== WHAT YOU SHOULD DO ==
This calls for a word-for-word copy of all the data, with each picture removed.

== SUPPLIED MATERIAL ==

★ ★ ★ ★ ★ ★ ★

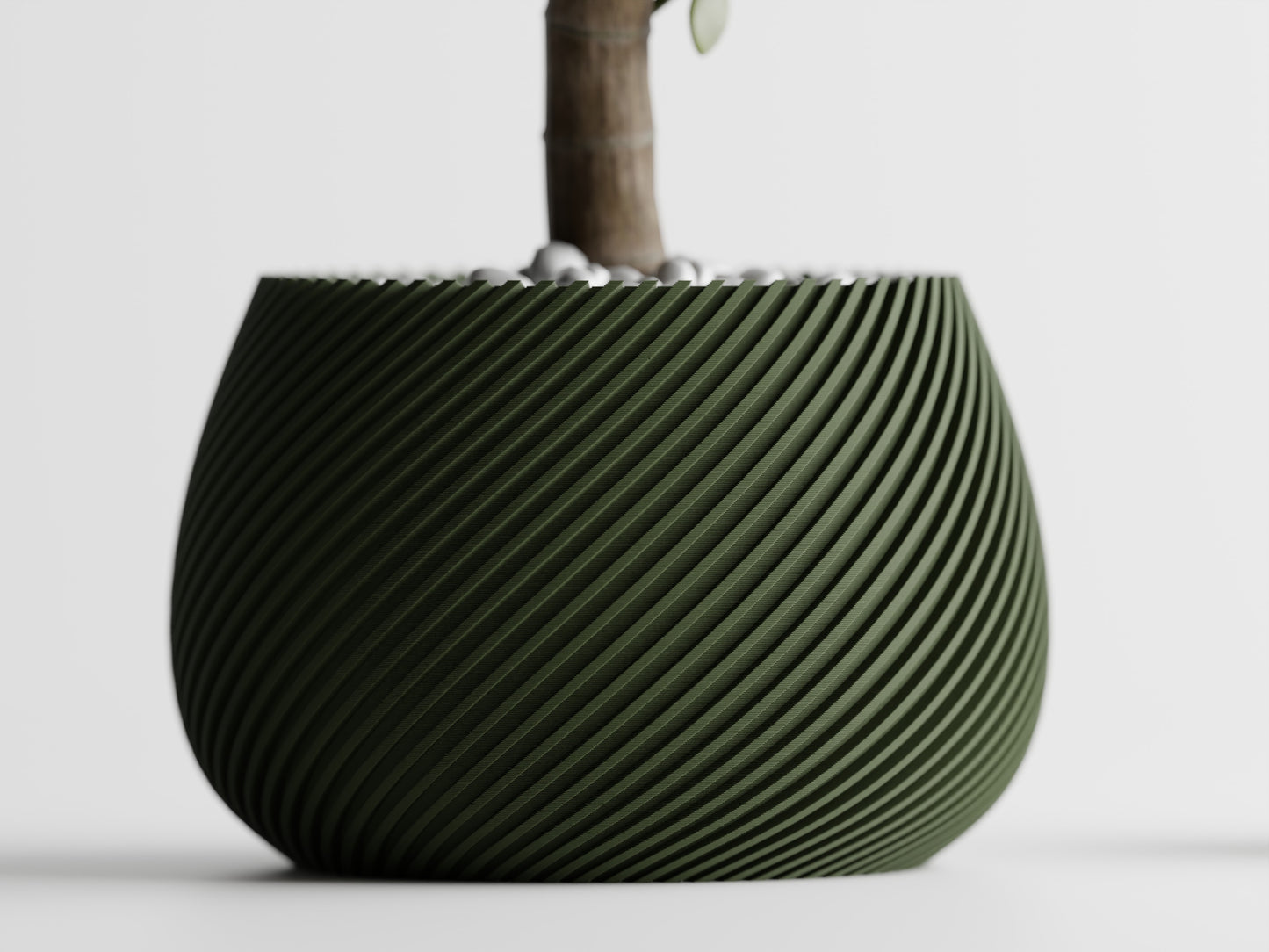 Modern Ribbed Series 5 3D Printed Pot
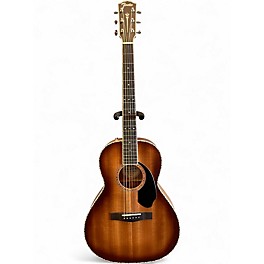 Used Fender Paramount PS-220E Parlor Aged Cognac Burst Acoustic Electric Guitar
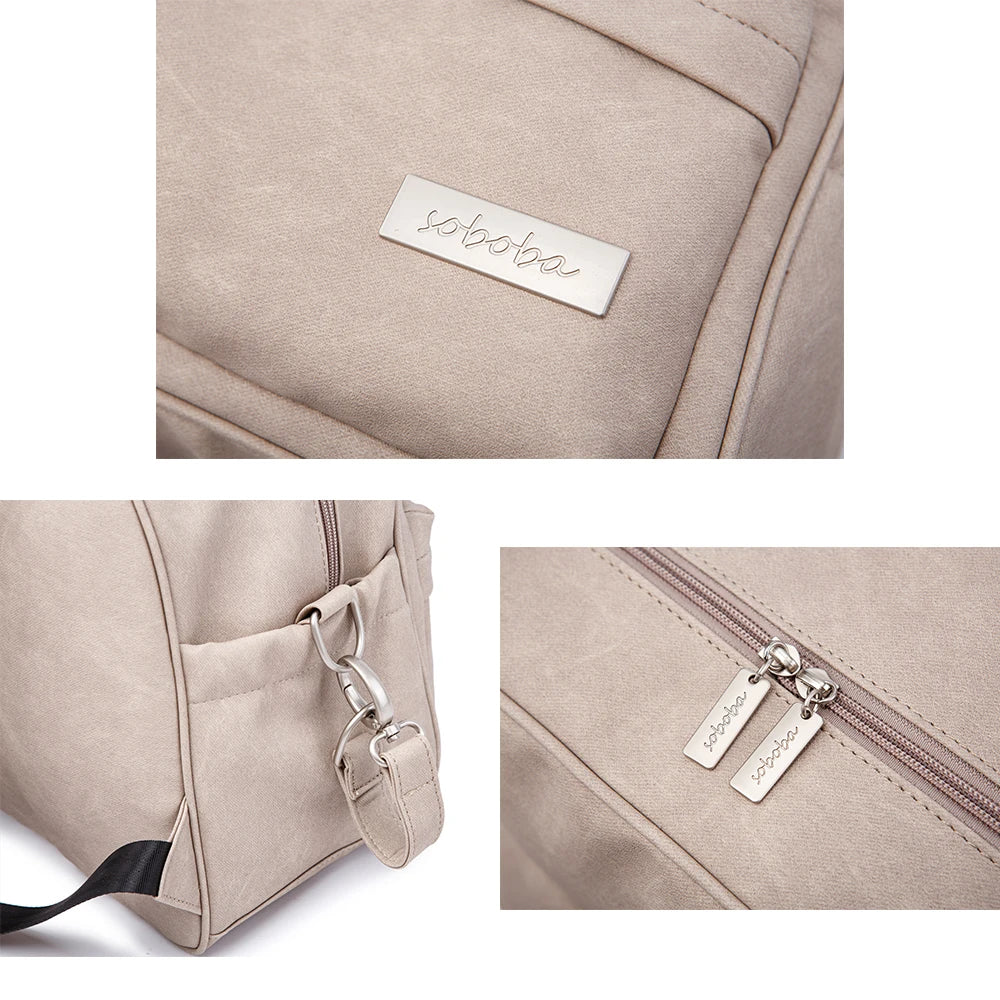 Diaper Backpack for Baby Care Waterproof Multi-function Changing Bag for Mother's and Father's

★ ★ ★ ★ ★ ★ ★

== TASK SOLUTION ==
 Modern Ribbed Series 5 3D Printed Pot
 Used Fender Paramount PS-220E Parlor Aged Cognac Burst Acoustic Electric Guitar
 Diaper Backpack for Baby Care Waterproof Multi-function Changing Bag for Mother's and Father's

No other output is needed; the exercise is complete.